Houses in truly hot areas, such as Lakewood, Rocky River and Fairview Park, sometimes sell without even going on the market officially. In certain parts of West Park, where I live, houses sell through the grapevine with nary a sign in a yard. Many longtime residents will find notes in their mailboxes, asking if they want to sell.

It’s that easy to make such a huge, can’t-turn-back decision. To me, that is still mind-boggling.

We lived in Lakewood for more than 20 years. From about 2006 until 2016, our house was “underwater,” in other words, we owed more than it was worth. We had taken out a home equity loan literally the same month housing values plummeted in what was the first sign of what is now called the Great Recession of 2008. We weren’t alone. By the second quarter of 2012, some 15.3 million homeowners, or 31% of all U.S. homeowners, had negative equity.

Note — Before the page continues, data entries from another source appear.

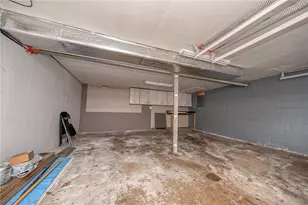 646 Harborview Dr, Pittsburgh, PA 15239 - Photo 32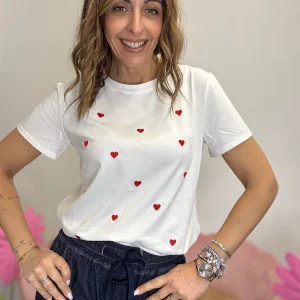 La t-shirt cuoricini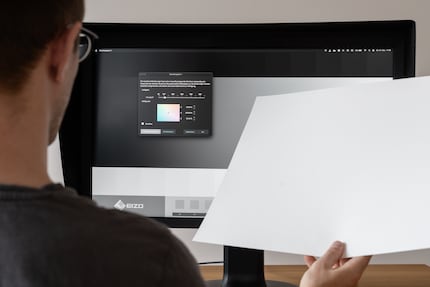 Visual calibration of the white point works better than I thought. Alternatively, I could also attach a device that measures the paper. But then things get complicated, and there’s little added value.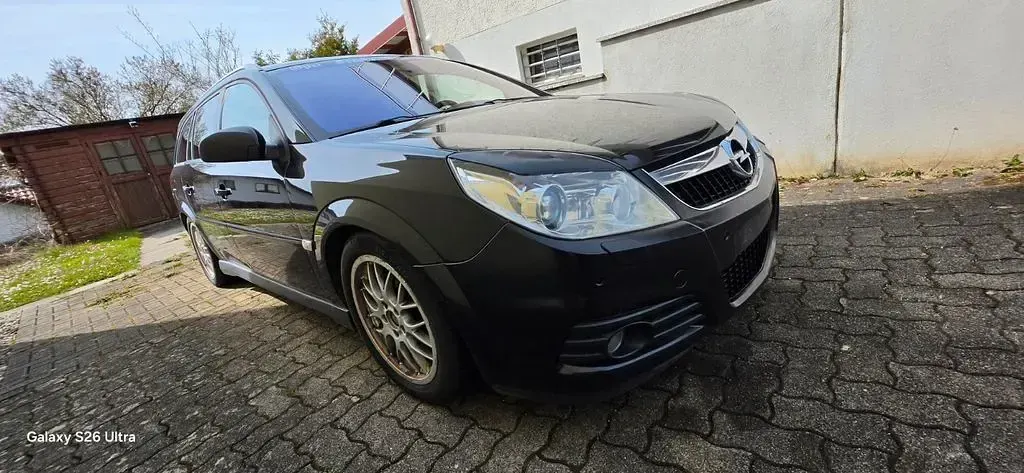 Gebraucht Opel Vectra Cosmo 230 PS (169 kW) 2006 Schwarz Limousine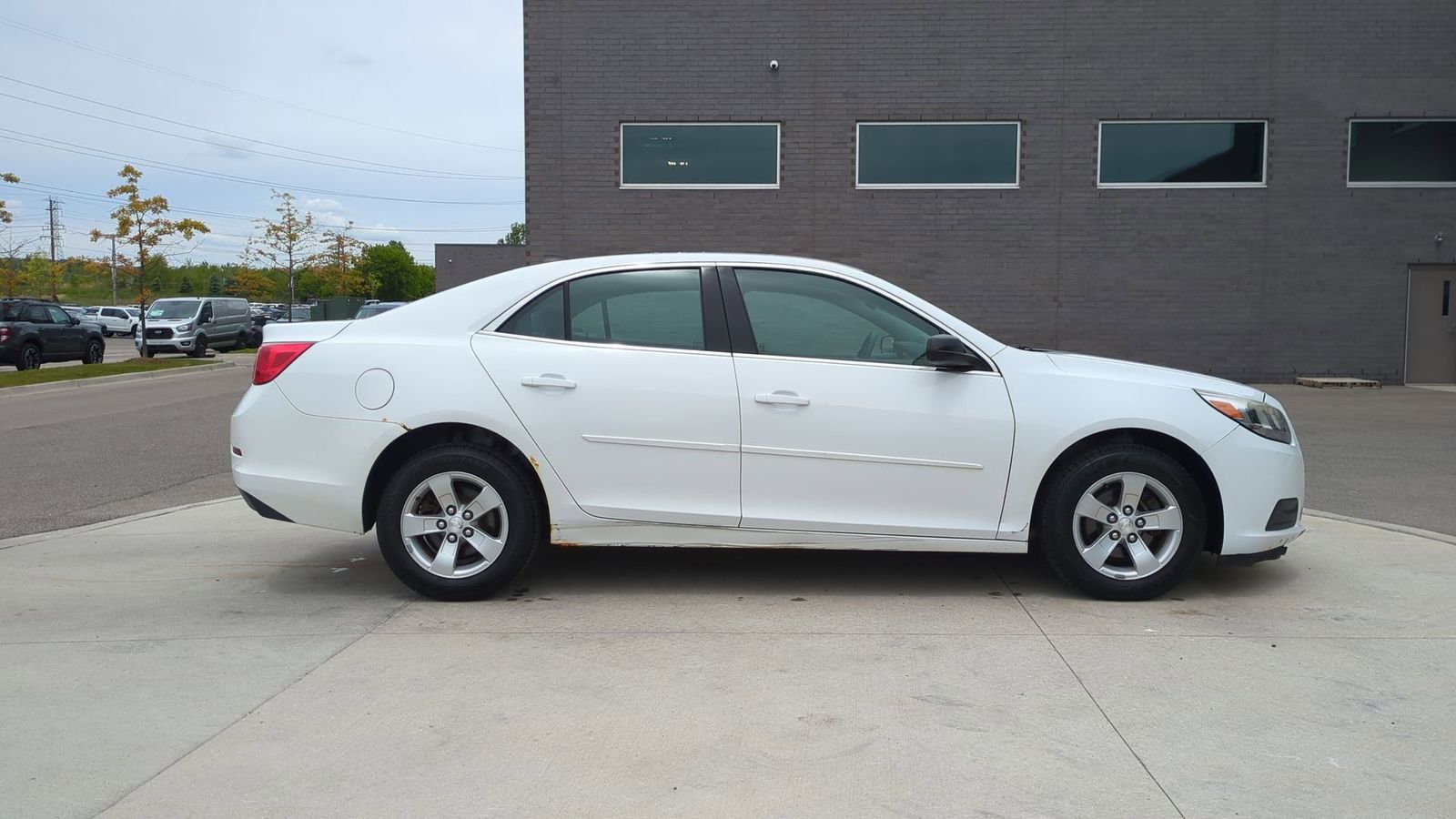 Thumbnail: 2013 Chevrolet Malibu - 7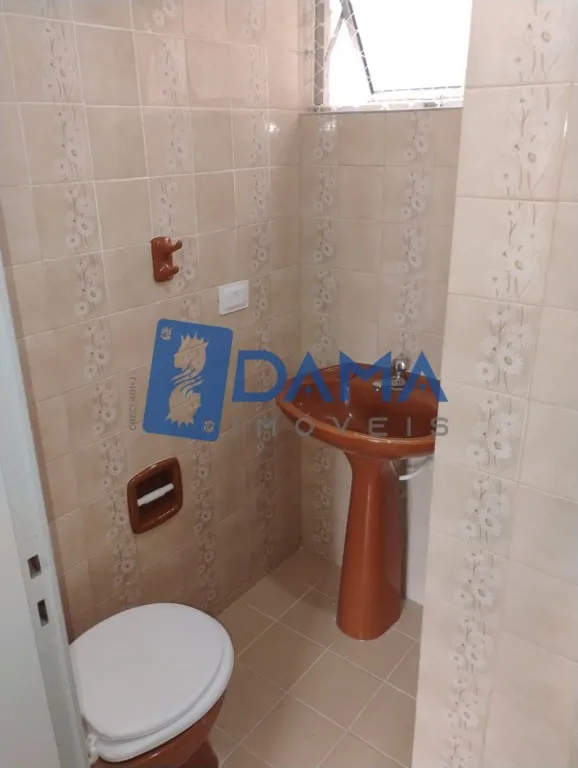 Apartamento com 3 quartos e área de lavanderia — photo 34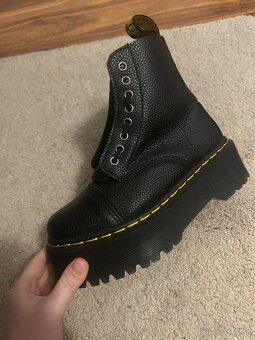 Čizmy podobne ako Dr. Martens, velkost 38 - 4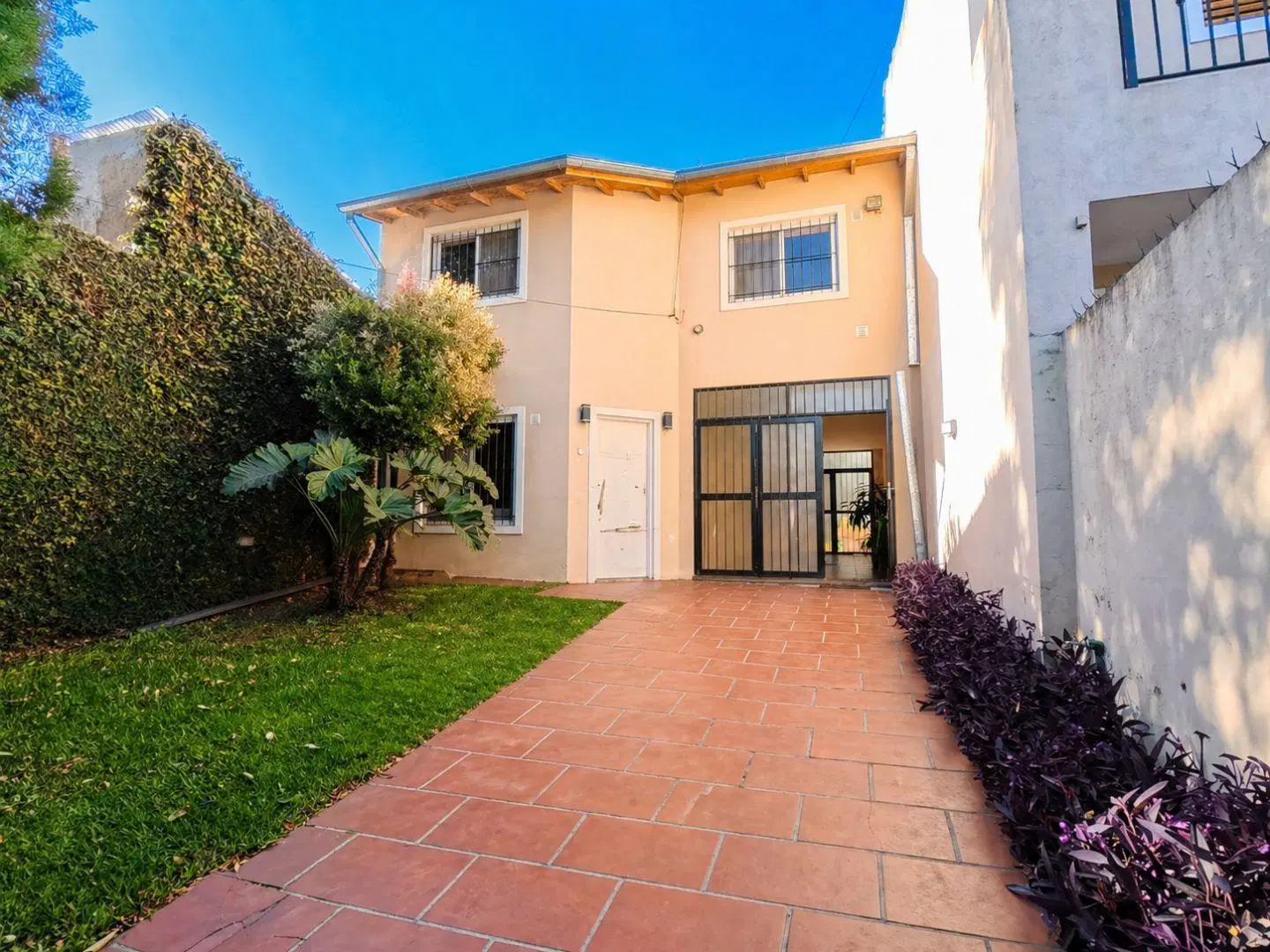 Casa 4 Ambientes con Gran Parque, Pileta y Cochera en Villa Ballester 3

But as I said, the housing market is in full recovery. As of the third quarter of 2016, when we finally decided to sell our home and buy a condo, the number of underwater homeowners had dropped to 2.2 million, the lowest number of homeowners in negative mortgage equity since early 2007. Thanks to rising home prices and an improving economy, 1 million more homeowners reached positive home equity like we did during the first nine months of 2016.

Last year, we again entered the housing market after deciding condo living wasn’t the life for us. Our Lakewood home had sold in one day. Our Rocky River condo sold in only a couple of weeks. Our new West Park home will not go on the market again as long as I’m breathing. I do not want to see another packing box again. Ever.

For those entering the fray, I have some advice. Even with the hot market, you can’t just assume you can leave your clutter, dirty laundry and breakfast dishes out for all to see. I still look at pictures on Realtor.com and I am truly astounded at some people thinking that the home will sell because it’s a seller’s market. Sure, it may sell, but it won’t get the top dollar you want and it probably won’t sell as fast. Unclutter. De-personalize. Paint. Clean. Clean. Clean.

When looking at new houses, remember the value of a home inspection. Look beyond the decor and ask about the electrical, plumbing, foundation and water issues. Be smart. You can fall in love, but don’t make that a blind love.

That’s my advice for the day. Because I’m never, ever moving again. Twice in two years is more than enough.